More than two years have passed since the original guidance was issued in April 2005, and the Regulator considers that it is time to focus again on its expectations of professional advisers working with trustees and employers in relation to events that may have a detrimental impact on a pension scheme.
The Regulator has been consulting on the proposed changes which are intended to move away from prescriptive tests towards a more principled approach. This is to provide greater clarity in relation to both the risk assessment that pension scheme trustees should undertake, and the level of mitigation that they should seek. The changes also clarify that where there is a “Type A” event (i.e. one in respect of which clearance may be sought), trustees may trigger a scheme valuation and renegotiate an existing recovery plan.

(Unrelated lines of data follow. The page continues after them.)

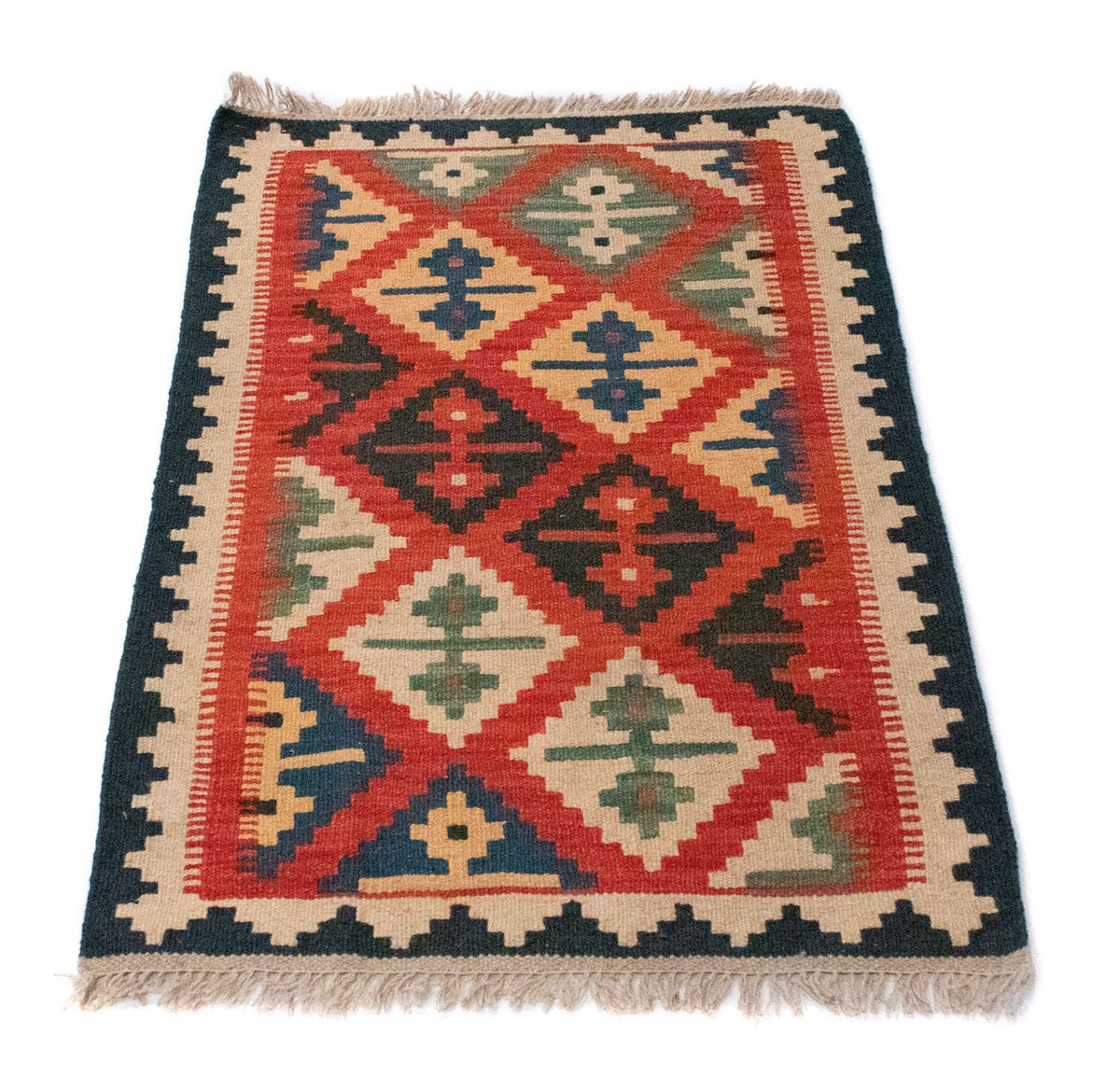 Alfombra Kelim - Oriental - 92 x 62 cm - multicolor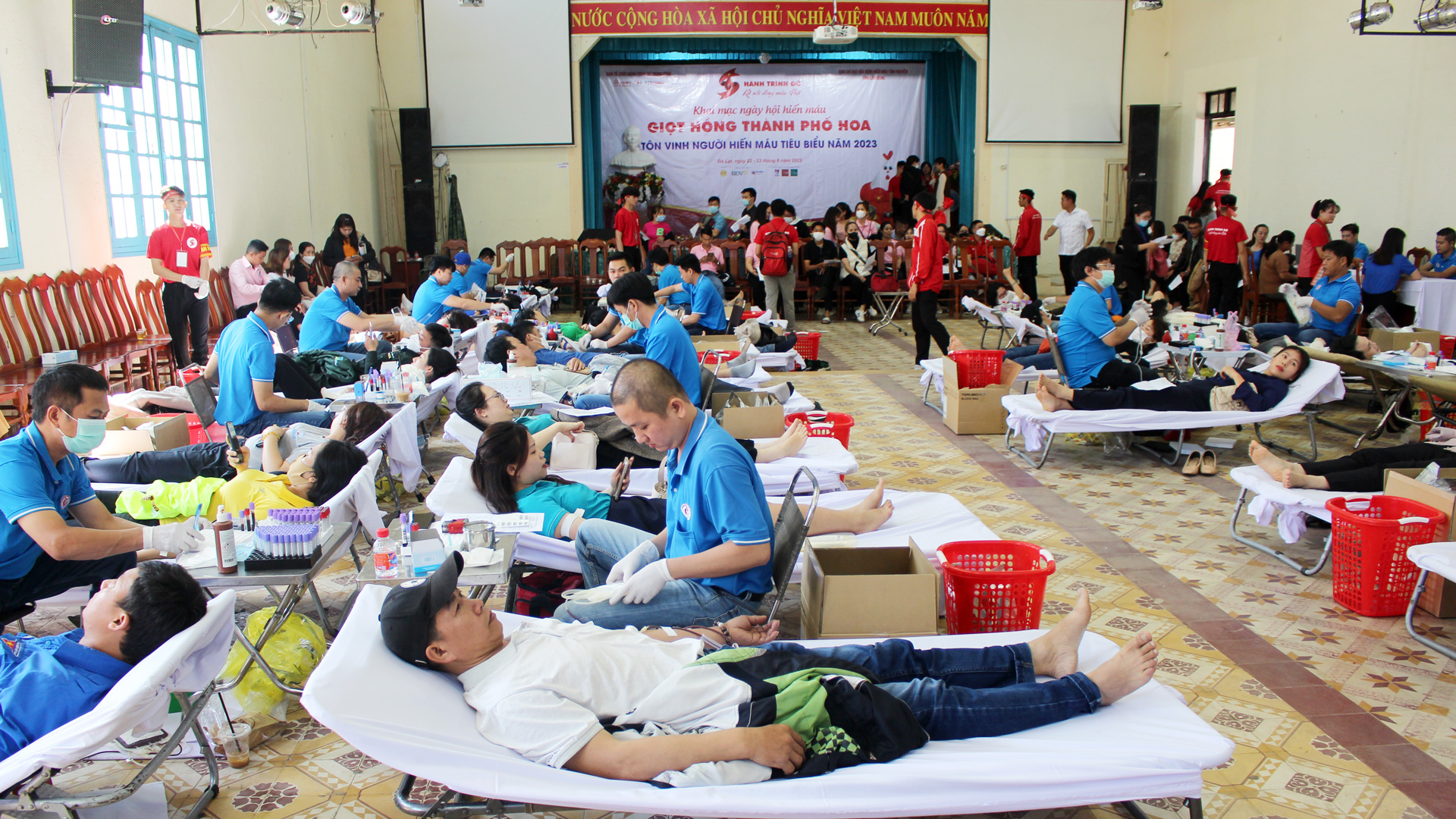 Những năm qua, phong trào hiến máu tình nguyện của tỉnh đạt được nhiều thành tích nổi bật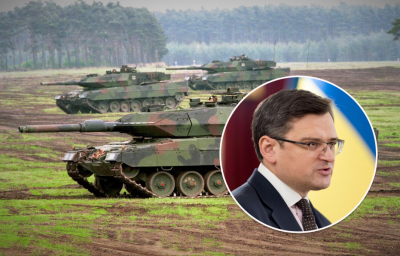 Від Leopard до Abrams: Кулеба назвав число танків у першій хвилі допомоги Україні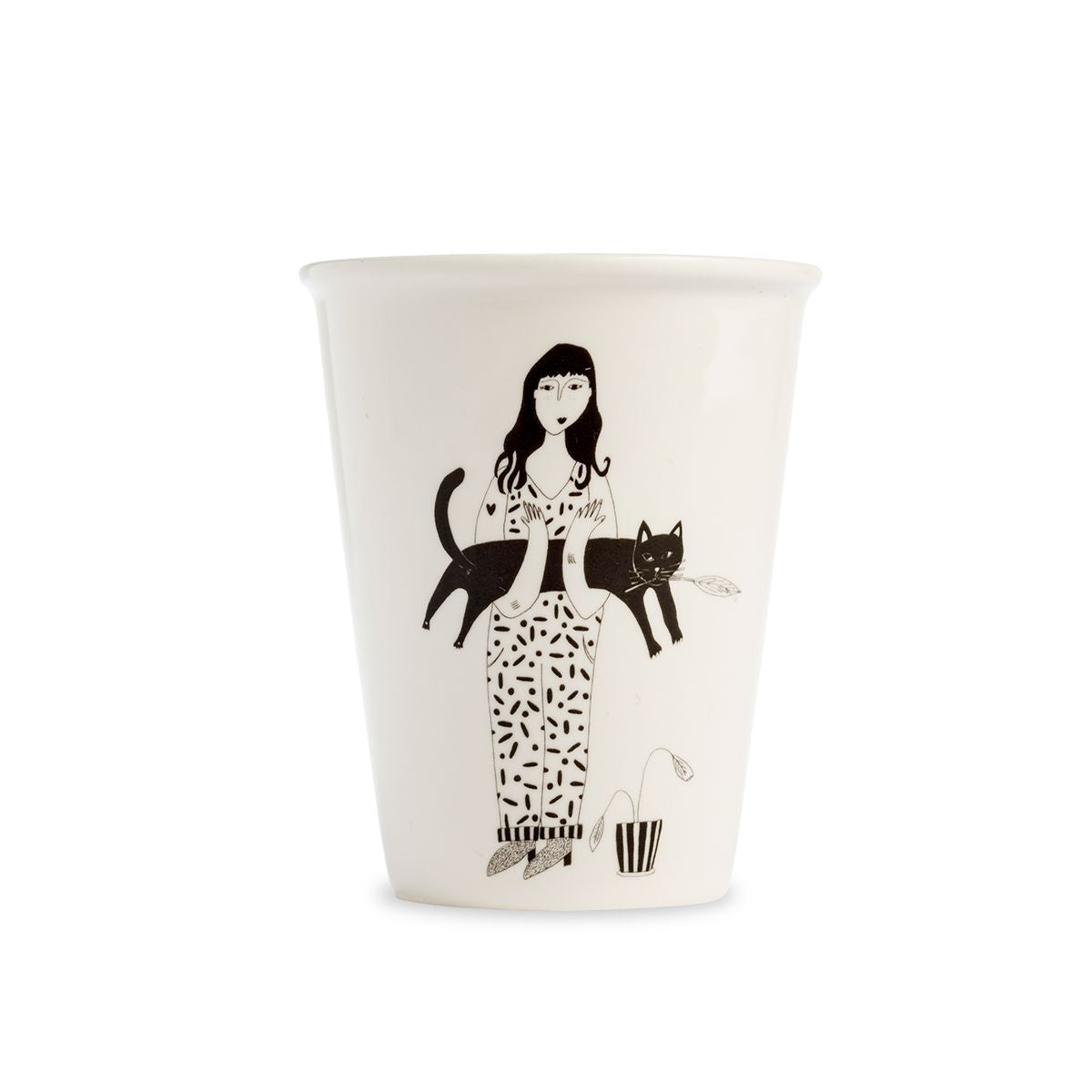 Gobelet en porcelaine – Helen b Boutique Helen B Black Cat 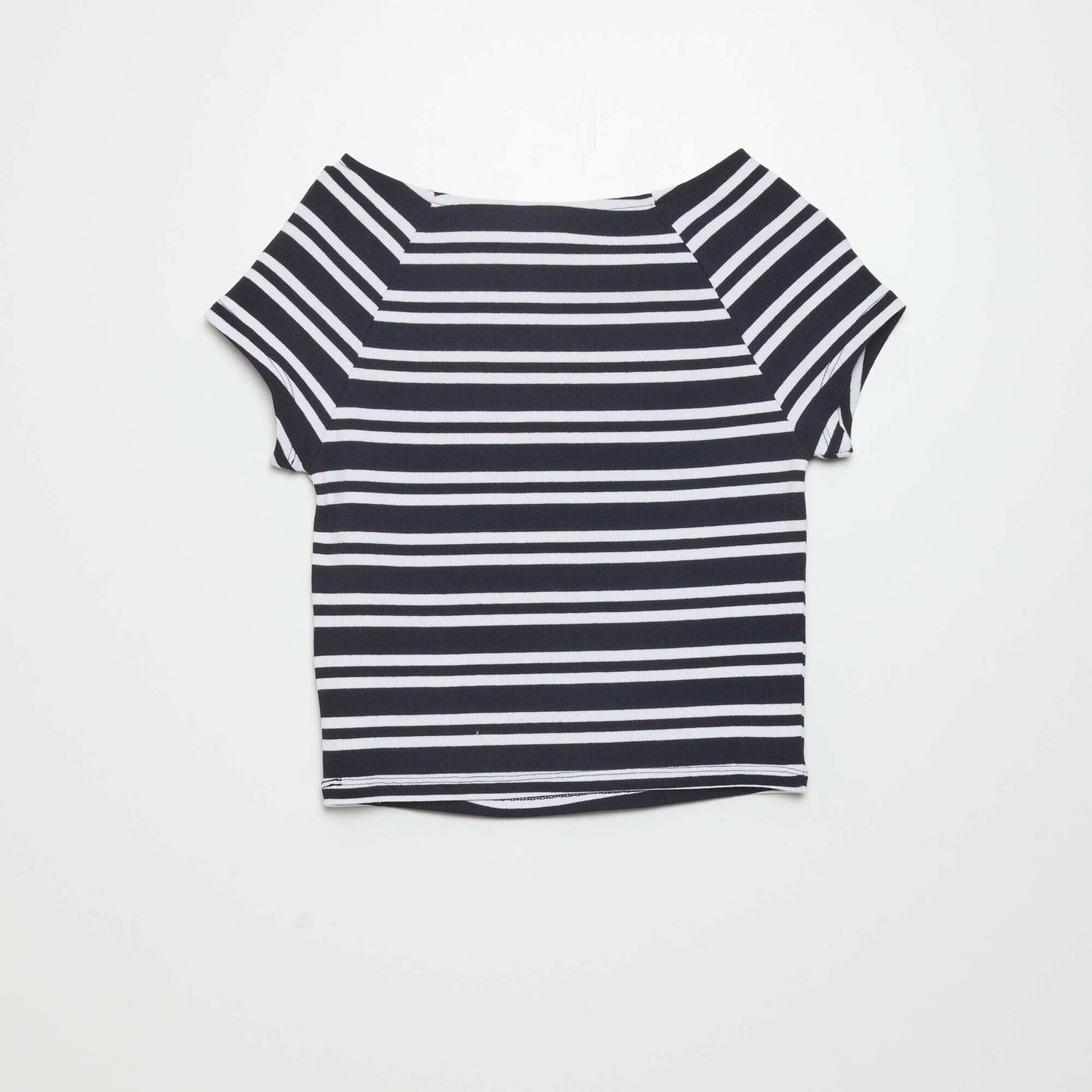 Ribbed crop top T-shirt STRIPES1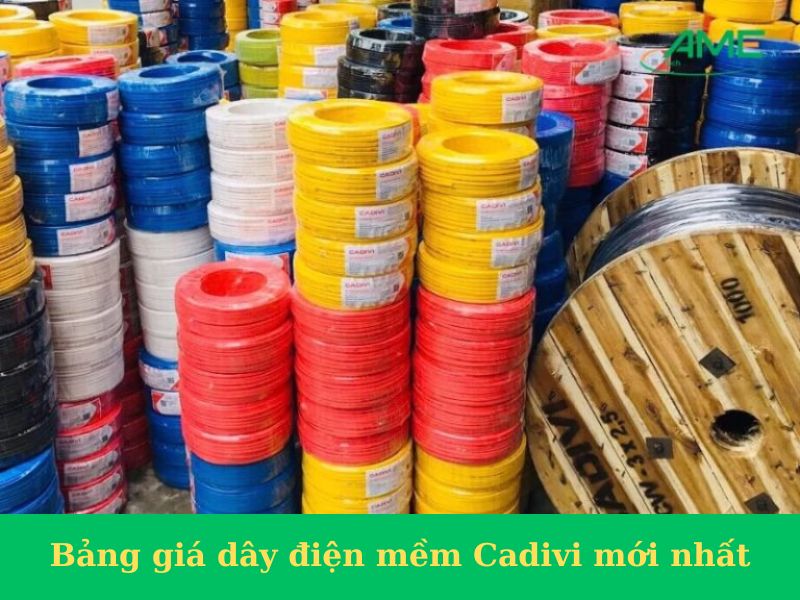 Bảng giá dây điện mềm Cadivi mới nhất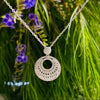 Silver Round Diamante Necklace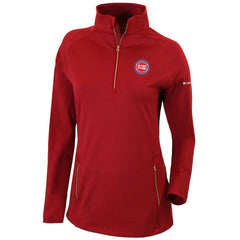 Detroit Pistons Women's Omni-Wick Outward Nine Quarter-Zip Pullover Top sale For Sale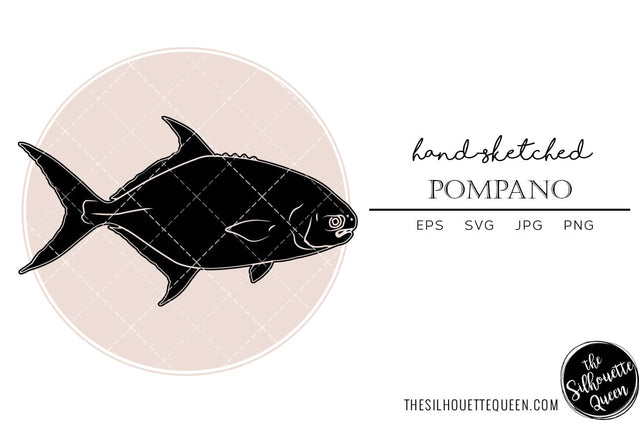 Pompano Hand sketched, hand drawn vector clipart SVG Loveleen Kaur 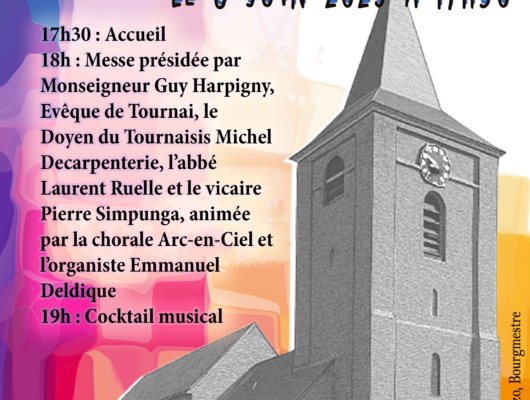 Thumbnail for the post titled: Inauguration de la rénovation de l’église d’Estaimpuis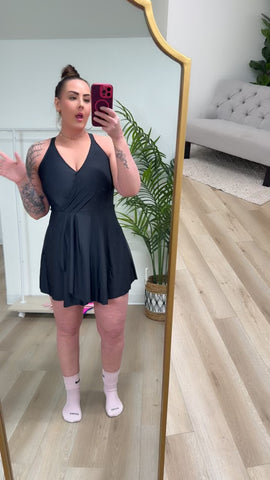 Shimmering Waters Swim Dress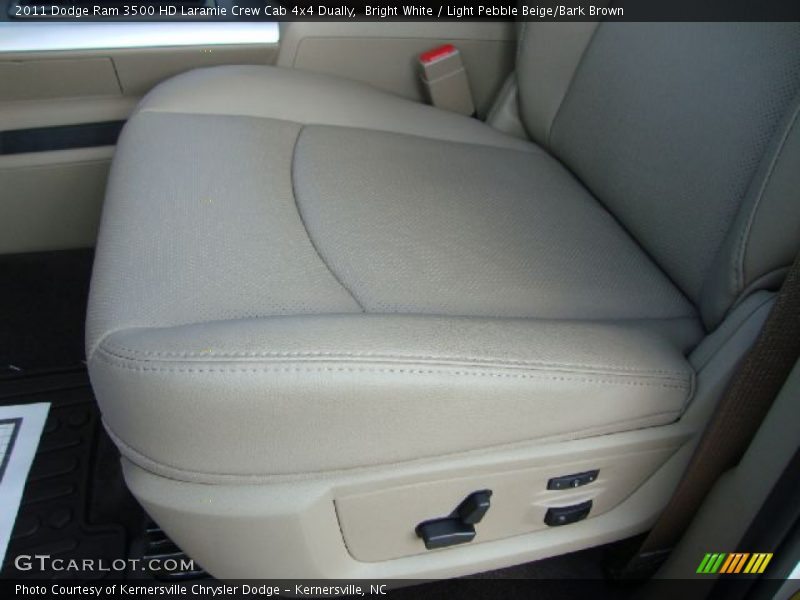 Bright White / Light Pebble Beige/Bark Brown 2011 Dodge Ram 3500 HD Laramie Crew Cab 4x4 Dually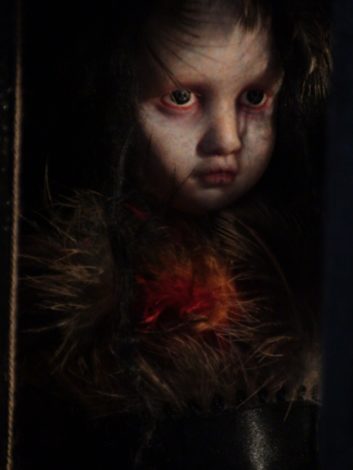 shadow as ally gothic feathered art doll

Under existing legislation, the Pensions Regulator is able to give clearance statements in advance of corporate transactions. A clearance statement is confirmation that the Regulator will not use its powers to require the applicant to make a financial contribution or to give other support to a pension scheme as a result of a proposed transaction where the transaction is detrimental to the employer’s covenant to the scheme.
Assuming that the proposed changes to the guidance remain largely in their current form, their impact should be fairly limited. Ultimately clearance is a voluntary process and if the transaction will not give rise to circumstances in which a financial support direction or contribution notice could be issued, parties to corporate transactions may choose not to apply for clearance. For trustees, the revised guidance will serve as a reminder that, where a transaction will lead to a reduction in the strength of the employer’s covenant to the pension scheme, they should look for the increased risk to the scheme to be mitigated in some way.
The consultation period on these changes closed on 2 November 2007.